Caption-style text data
[Start of Attachment]

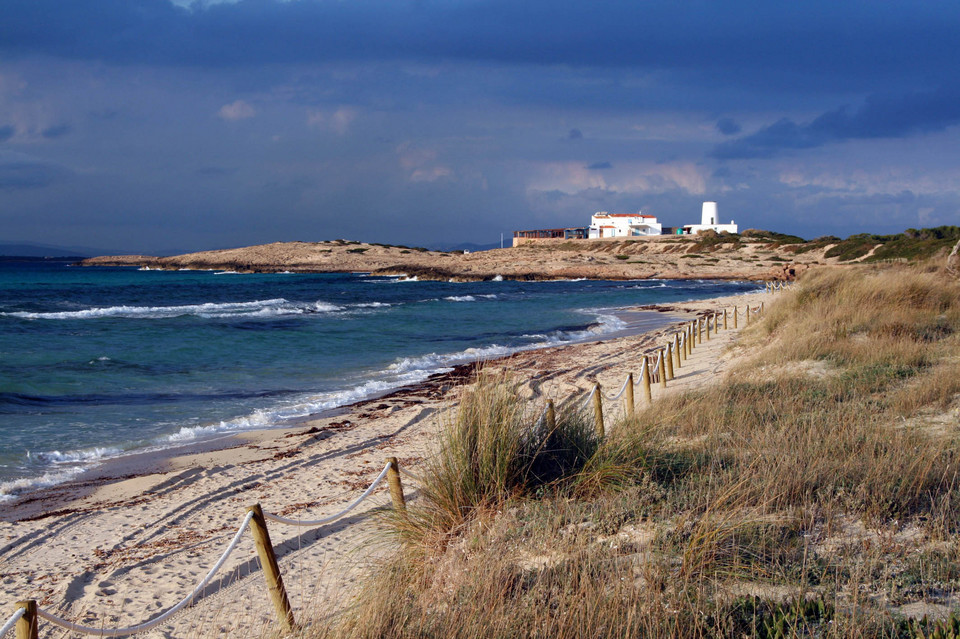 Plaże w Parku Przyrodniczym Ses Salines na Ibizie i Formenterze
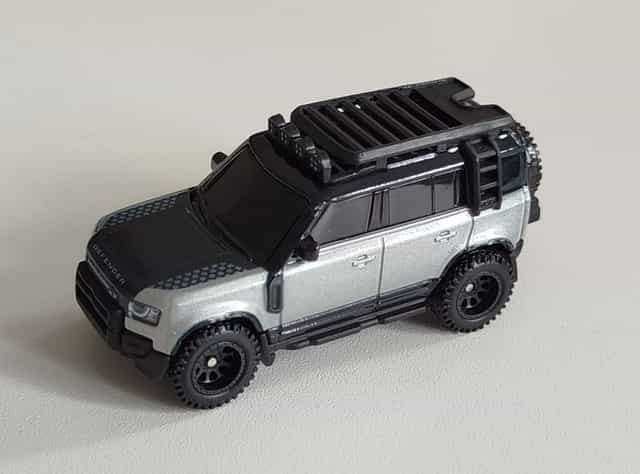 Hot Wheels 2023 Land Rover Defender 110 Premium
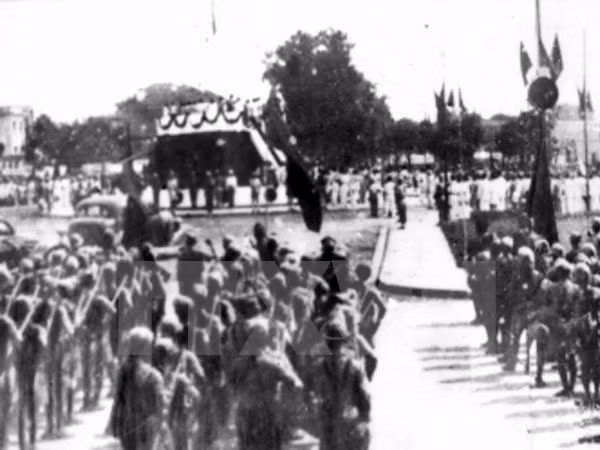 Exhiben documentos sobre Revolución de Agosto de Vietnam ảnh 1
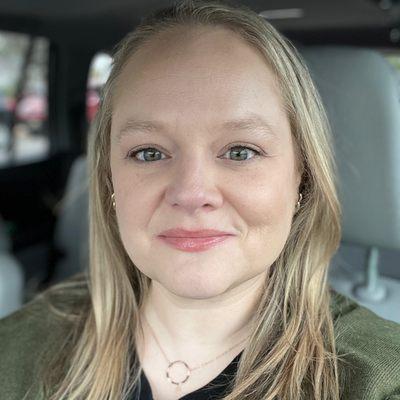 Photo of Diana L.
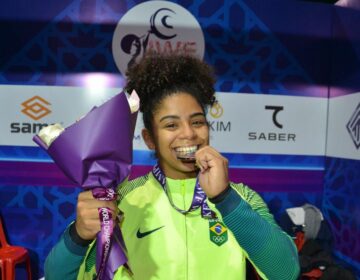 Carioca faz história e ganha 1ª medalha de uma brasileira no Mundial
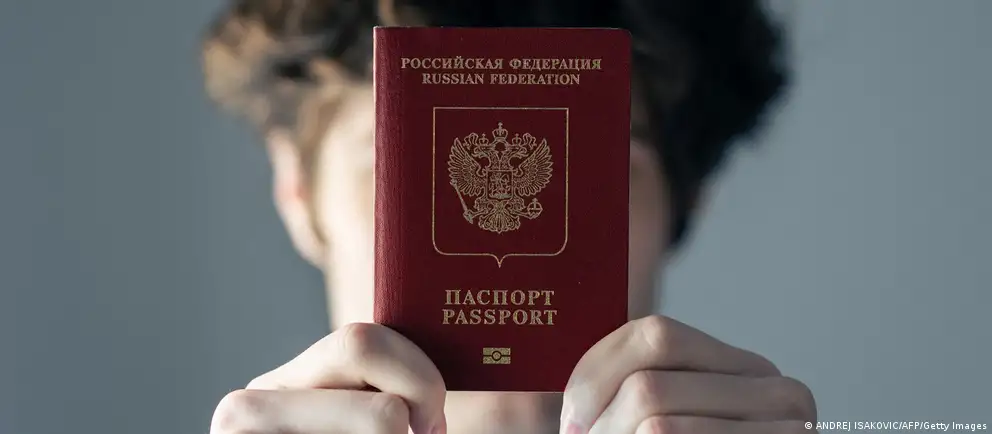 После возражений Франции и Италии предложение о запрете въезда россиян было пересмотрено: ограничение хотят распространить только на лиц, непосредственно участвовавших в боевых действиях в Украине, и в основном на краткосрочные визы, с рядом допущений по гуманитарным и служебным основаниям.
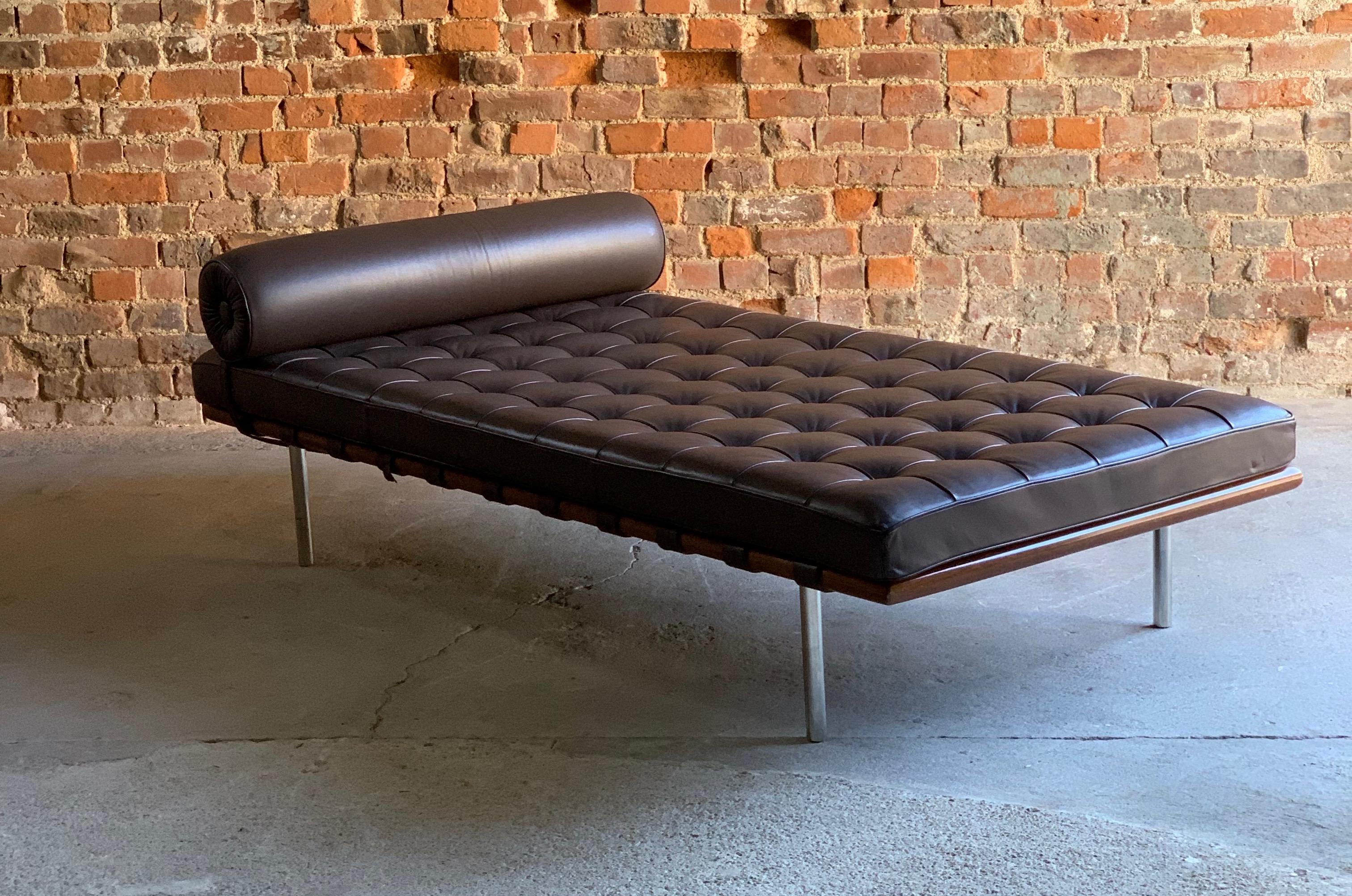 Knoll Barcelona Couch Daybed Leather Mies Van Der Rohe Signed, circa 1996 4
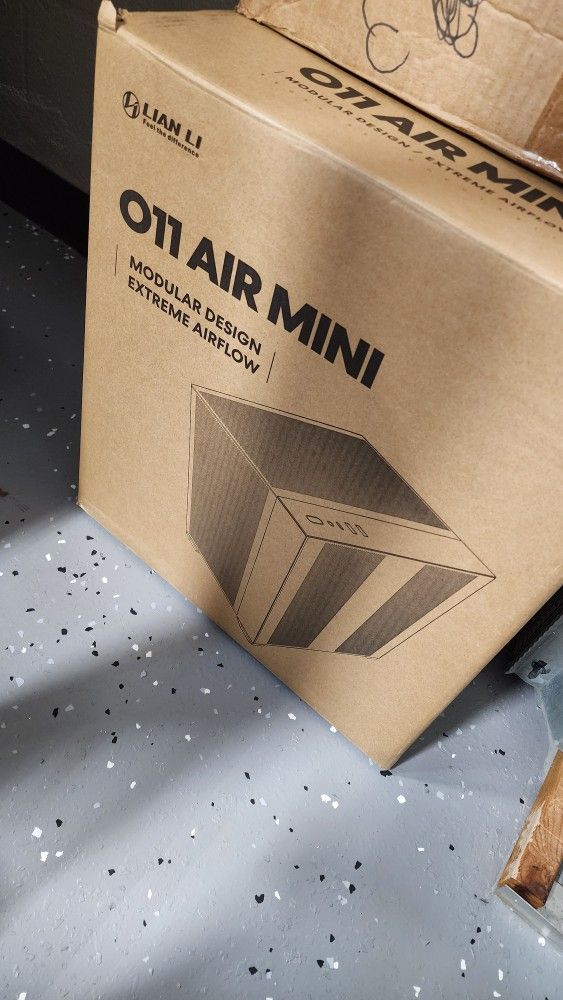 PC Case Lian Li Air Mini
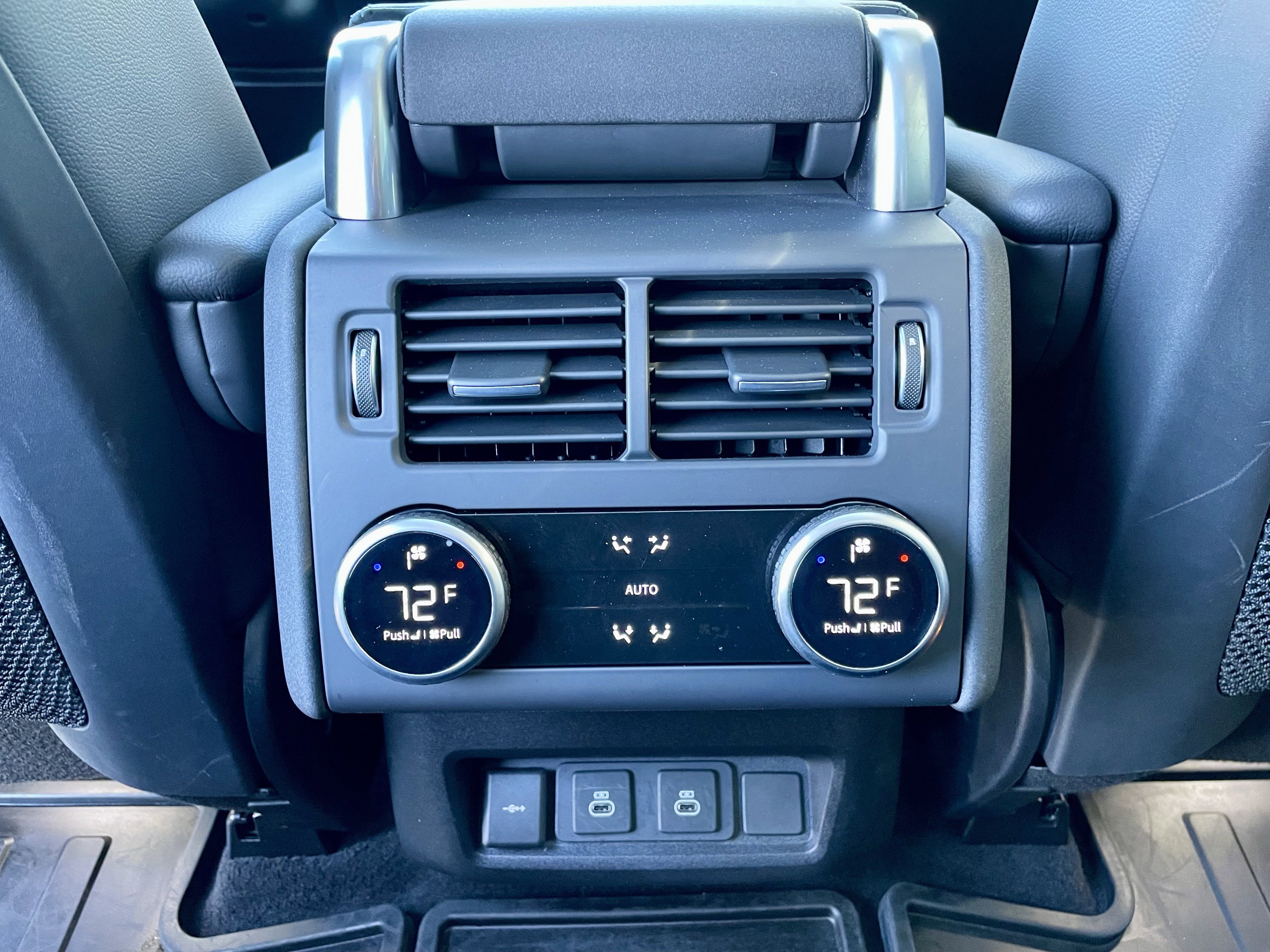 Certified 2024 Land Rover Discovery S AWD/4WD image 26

[End of Attachment]

WHAT TO DO >>
Start at the line containing "Hot Wheels 2023" above and stop at the line containing "После возражений Франции". Output those lines exactly, both included, but none of the pictures.

ANSWER TO THE PROBLEM >>
 Hot Wheels 2023 Land Rover Defender 110 Premium
 Exhiben documentos sobre Revolución de Agosto de Vietnam ảnh 1
 Photo of Diana L.
 Carioca faz história e ganha 1ª medalha de uma brasileira no Mundial
 После возражений Франции и Италии предложение о запрете въезда россиян было пересмотрено: ограничение хотят распространить только на лиц, непосредственно участвовавших в боевых действиях в Украине, и в основном на краткосрочные визы, с рядом допущений по гуманитарным и служебным основаниям.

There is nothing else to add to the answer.